What this task involves:
Transcribe the lines below exactly. No image belongs in the transcription.

Given data:
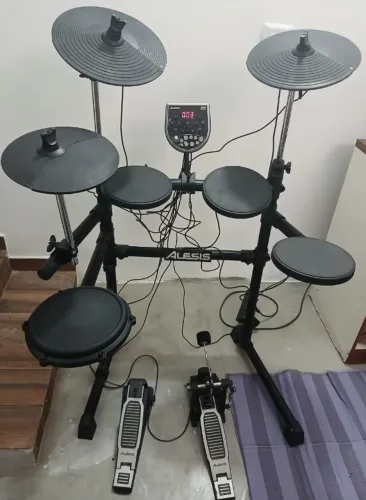 Bateria Alesis DM6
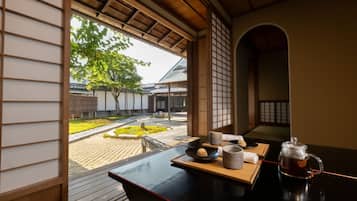 Luxury Villa | Garden view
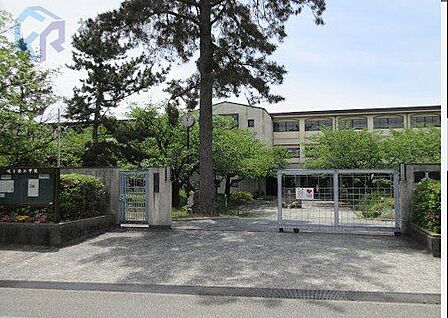 西宮市立甲陵中学校 徒歩8分。 630m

Answer below:
 Bateria Alesis DM6
 Luxury Villa | Garden view
 西宮市立甲陵中学校 徒歩8分。 630m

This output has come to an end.